On the positive side, Philly’s big attendance gain is in large part from fans’ interest in seeing newly acquired star, Bryce Harper. It doesn’t hurt that the Phillies are also in first place in the NL East.
On the negative side, MLB owners should be concerned that two of the biggest attendance drops are with teams currently leading their divisions (Houston Astros and Minnesota Twins). The Tampa Bay Rays are leading the AL East, but home attendance is down 9% at only 13,351 per game early this year.
For the thirty teams in Major League Baseball, the overall attendance is still about 26,200 per game (down nearly 550 per game from last year at this time).
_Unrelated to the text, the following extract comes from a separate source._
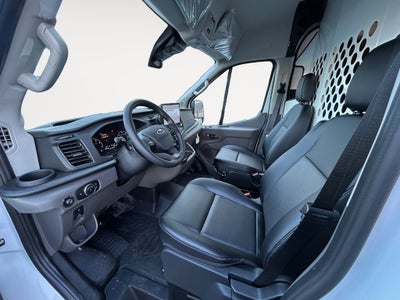 2024 Ford Transit-350 Base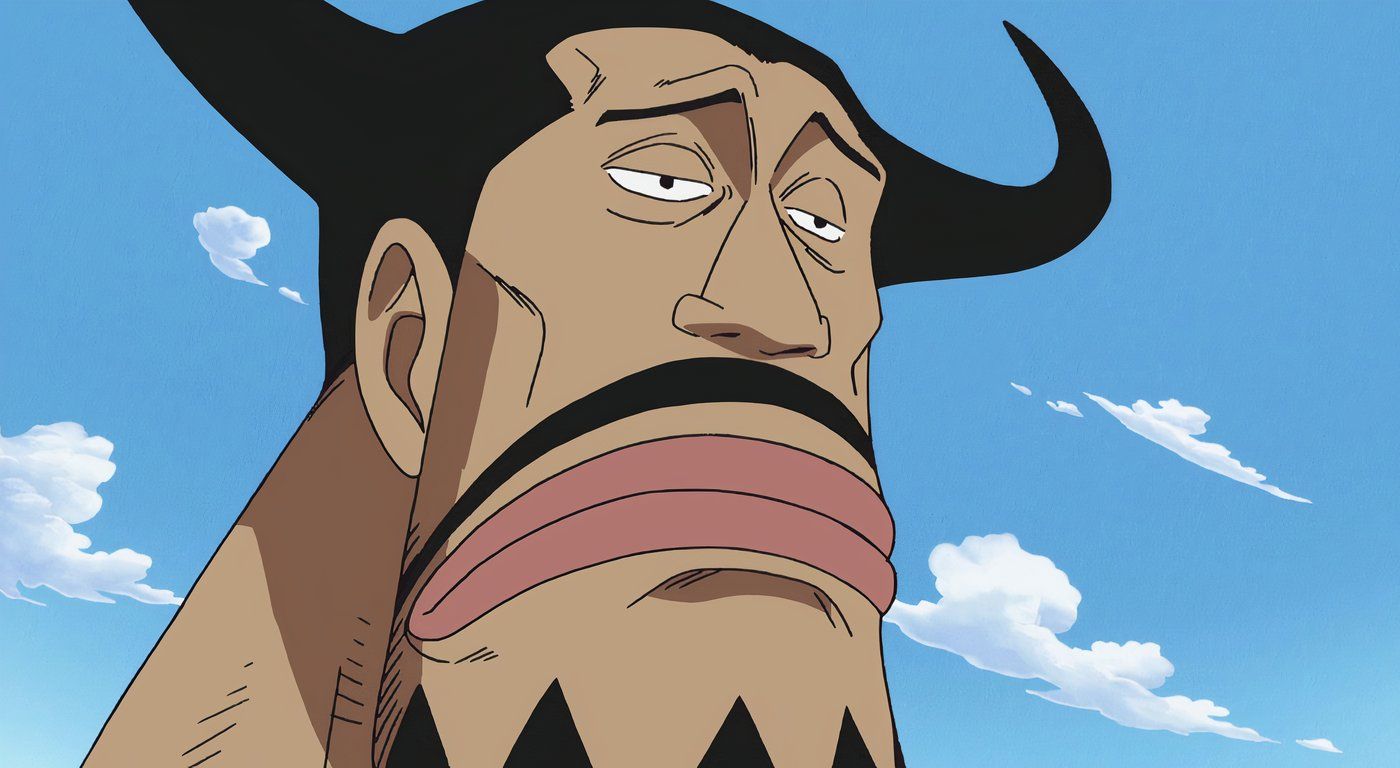 Most Underrated One Piece Fights, Ranked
Though a 2% drop in overall attendance isn’t an indicator of impending doom, the trend is not good for a sport which continues to struggle building fan interest.
In 2017, the lowest average home attendance for every team was above 15,670 (Tampa Bay).
Starting 2019, though, there are currently five MLP teams with home attendance lower than that mark.
Teams in Cleveland (15,585), Baltimore (14,704), Kansas City (14,397), Tampa Bay (13,351), and Miami (9,668) are off to a bad start this season.
As expected, Major League Baseball’s Commissioner, Rob Manfred, is trying to paint a positive picture.
“It’s a changing world out there,” Manfred said last week. “Across sports, live [events] is something that generationally is a little different. We need to work really hard on making that live product, which is a different product than turning on the TV, as appealing as possible. I think clubs are investing and experimenting in different ways that over time will pay dividends in appealing to younger people.”
Generationally different? I was born into the Baby Boom (i.e. “old guys”) generation and have found baseball games to be too lengthy for my entire life.
Here’s a quiz for you. With the average major league baseball game taking over 3 hours in recent years, how long did baseball games last in 1920?
A: 2 hours, 33 minutes
B: 2 hours, 4 minutes
C: 1 hour, 47 minutes
The correct answer is “C”. Baseball has doubled in the amount of time needed to watch a nine inning game over the past century.
In addition to the time needed to watch the game (which has been slothful for a long time now), the bigger issue is the cost to take a family of four to one single game.
With average ticket prices of nearly $30 per game, it costs an average family upwards of $200 to take in the ball game, park your car, buy a few beverages, hot dogs, popcorn, and a program.
At $200 about per baseball game, attending a single major league outing is more expensive than that same family might spend for other entertainment options of greater family interest and value.
With 81 home games per season, MLB clubs depend on families living within their home markets to attend at least one home baseball game per season as well as snagging a large chunk of vacationing visitors during summer months.
With competition from theme parks, water parks, blockbuster movie events, and other options, the price of attending a major league baseball game is making it a tougher sell for families trying to maximize their discretionary spending.